You can even generate a range of numbers in decreasing order if you set the second value to a value less than the first one. The statement

3..-1

for instance, generates the sequence 3, 2, 1, 0, -1.

This procedure also gives you a way to reverse an array. You can reverse the array $nodes that you generated earlier by specifying a range starting with the index of the last element (which would be $nodes.count-1) and ending with the index of the first element (0), like this:

$nodes\[($nodes.count-1)..0\]

You can nest ranges to produce some complex collections that otherwise might take a great deal of scripting work. For example, suppose you use several Class C private networks on one location, with network addresses 192.168.2.0 through 192.168.25.0. You can generate the entire set of 6,096 valid IP addresses for all of these networks by using the following statement:

2..25 | %\{$net = $_; 1..254 |
  %\{"192.168.$net.$_"\}\}

2 Restrictions and a Caveat
There are only two basic restrictions on range use. The first restriction is that the numbers in the range must be between -2,147,483,648 and 2,147,483,647, inclusive; this limit is because PowerShell's range operator changes the values into 32-bit .NET integers, which can only take on these values. The second limit is that an individual range can contain no more than 50,001 items. PowerShell documentation says that 50,000 is the item limit, but it's incorrect. You can confirm this by generating the range from 0 through 50,000 and checking the length with

(0..50000).Count

which should return the value 50,001. If you try to generate the range

0..50001

however, you'll get the error message Bad range expression; 50001 is larger than the maximum size of a range (=50000 elements). This limit is hard-coded as a performance measure. When a range is evaluated, every single element is created immediately. Without limits, it would be easy to bog down a machine by telling it to give you a list of 1 million numbers:

1..1e6

However, 50,001 is the item limit only on an individual range; you can generate greater lists of numbers. For example, by using two range statements, you can get all numbers from 0 through 65,535:

0..40000 + 40001..65535

One word of caution about using the range operator: It's a syntactic sweetener designed to speed up your use of PowerShell and make it easier to understand PowerShell code in some circumstances. Syntactic sweeteners can cause confusing behavior in certain situations. A good example of this is what happens when you combine ranges with syntactic sweeteners designed for accessing array elements.

Arrays in PowerShell are 0-based—meaning that the index of the first element is 0, the index of the second element is 1, and so on. An array element can never have a negative index. Since negative numbers aren't used otherwise, PowerShell lets you use them to count from the end of the array. When used as if it were an index, the numeral -1 refers to the last element of an array, -2 refers to the next-to-last element of an array, and so on. This is easiest to show with an example.
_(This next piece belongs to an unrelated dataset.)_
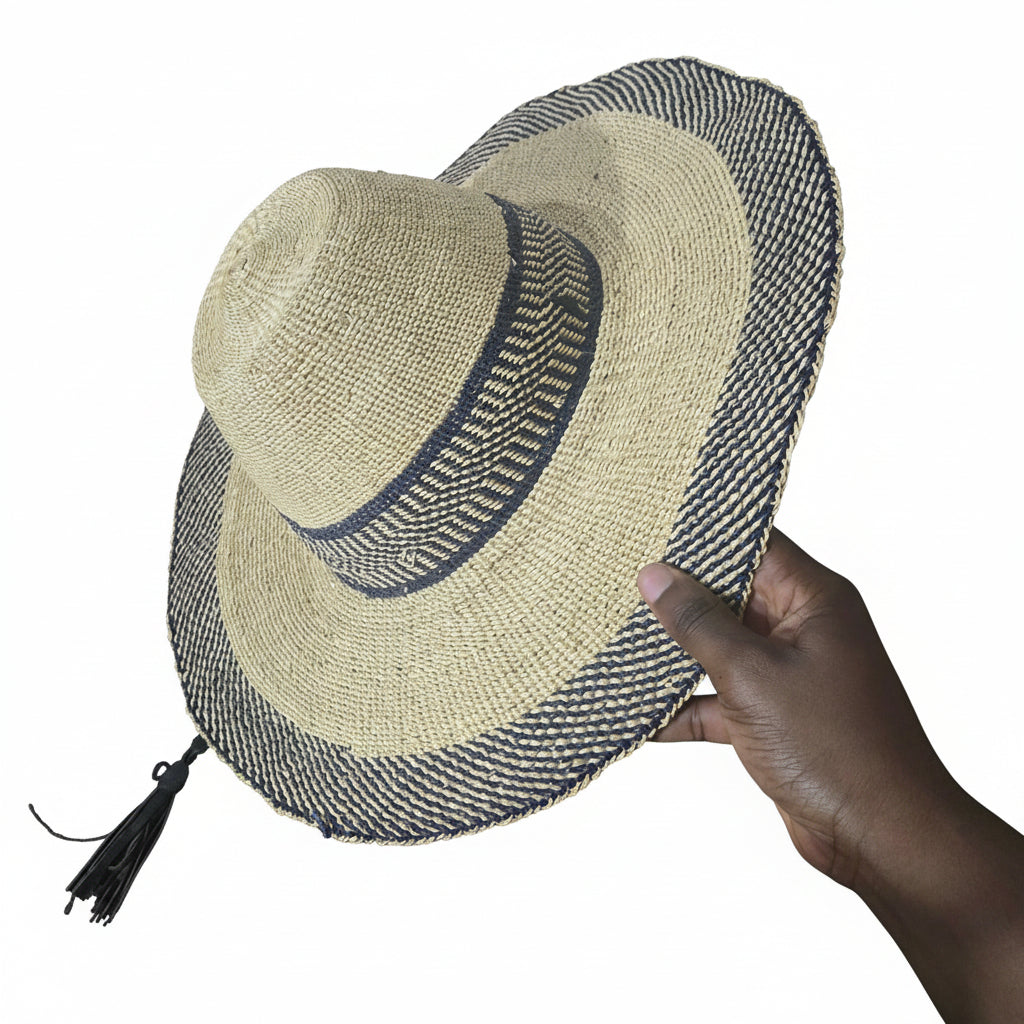 Bolga hat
PowerShell treats strings as arrays of characters. Suppose you have a variable, $s, containing the string C:\Windows\. You want to inspect the last character and trim it from the string if it's a backslash (\). You can enter this command to look at the final character:

$s\[-1\]

Because this character is a backslash, we need to extract all characters except the last one. You can do this with

$s\[0..($s.length-2)\]

However, if you're thinking about the fact that you can use a negative number for an array element, it seems instinctive to try this instead:

$s\[0..-2\]

This procedure won't work. PowerShell examines the range first, and 0..-2 means the numbers from 0 to -2, inclusive. So you get back $s\[0\] (the letter C), followed by $s\[-1\] (the final \), and $s\[-2\] (the next-to-last character in $s, the letter s).

Hit the Bull's-eye
You probably won't need to worry about some of these more complicated cases very often. But if you learn the tricks to using PowerShell's range operator, you'll find it an invaluable tool for generating complex collections of values that can help you automate difficult network administration tasks. Procedures such as reversing arrays, combining ranges, and nesting ranges, combined with PowerShell's pipelining feature, will have you hitting the bull's-eye every time.